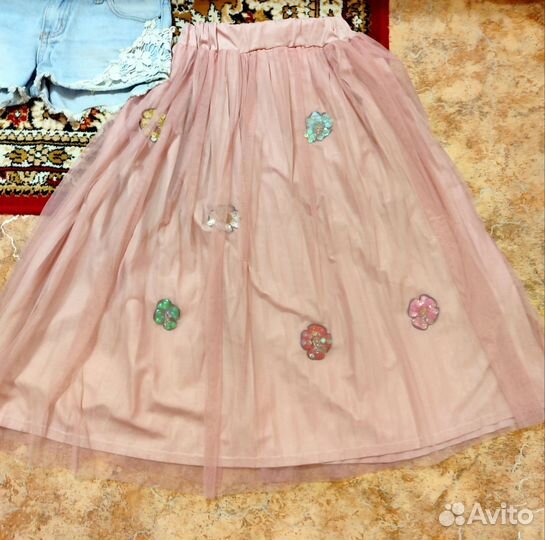 Пакет хороших вещей, р. 42-44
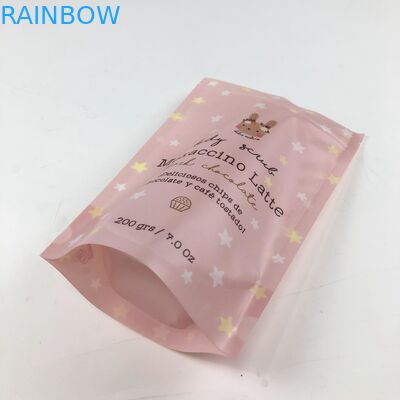 Geavanceerde technologie Digitale drukzakken met een hoge nauwkeurigheid en een glanzende/matte afwerking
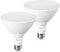 GvvooHome PAR38 LED Outdoor Flood Light Bulbs, 100W Equivalent, 1050LM, 5000K Daylight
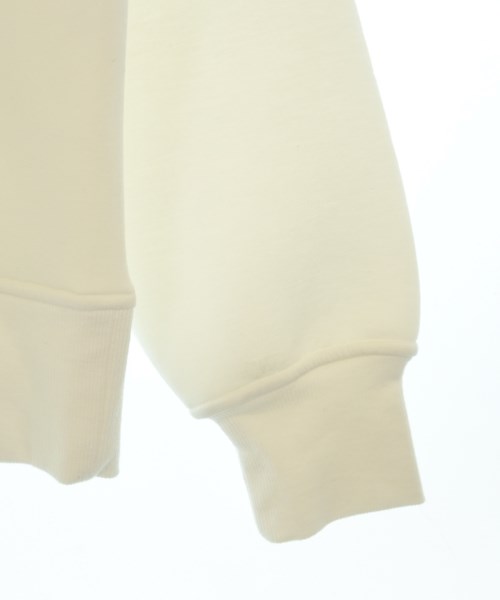 nano UNIVERSE（ナノユニバース）パーカー 白 サイズ:F レディース/2200649965014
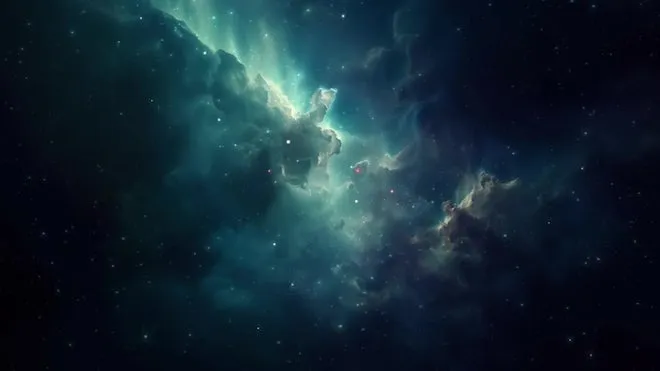 昼颜电影 - 量子世界：微观宇宙的奇异法则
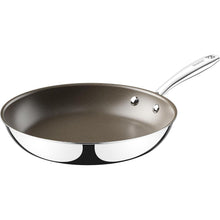 Redchef Keramik Bratpfanne 28 cm Titanium Antihaft Tri-ply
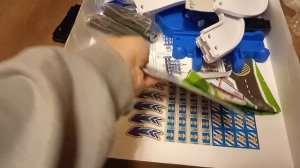 Едем к Ирине в гости и в магазин Магнит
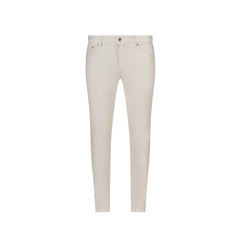 Lucky Brand White Jeans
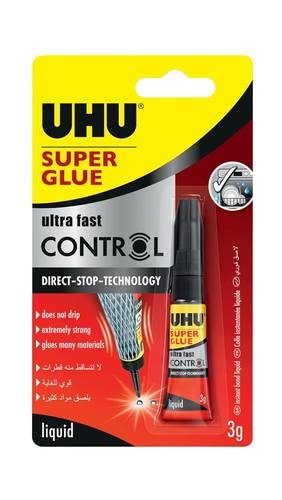 صمغ يوهو سائل سوبر جل (3G)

**Prompt:** Take the listing above and restate it word for word, without its pictures.

**Response below:**
 Пакет хороших вещей, р. 42-44
 Geavanceerde technologie Digitale drukzakken met een hoge nauwkeurigheid en een glanzende/matte afwerking
 GvvooHome PAR38 LED Outdoor Flood Light Bulbs, 100W Equivalent, 1050LM, 5000K Daylight
 nano UNIVERSE（ナノユニバース）パーカー 白 サイズ:F レディース/2200649965014
 昼颜电影 - 量子世界：微观宇宙的奇异法则
 Redchef Keramik Bratpfanne 28 cm Titanium Antihaft Tri-ply
 Едем к Ирине в гости и в магазин Магнит
 Lucky Brand White Jeans
 صمغ يوهو سائل سوبر جل (3G)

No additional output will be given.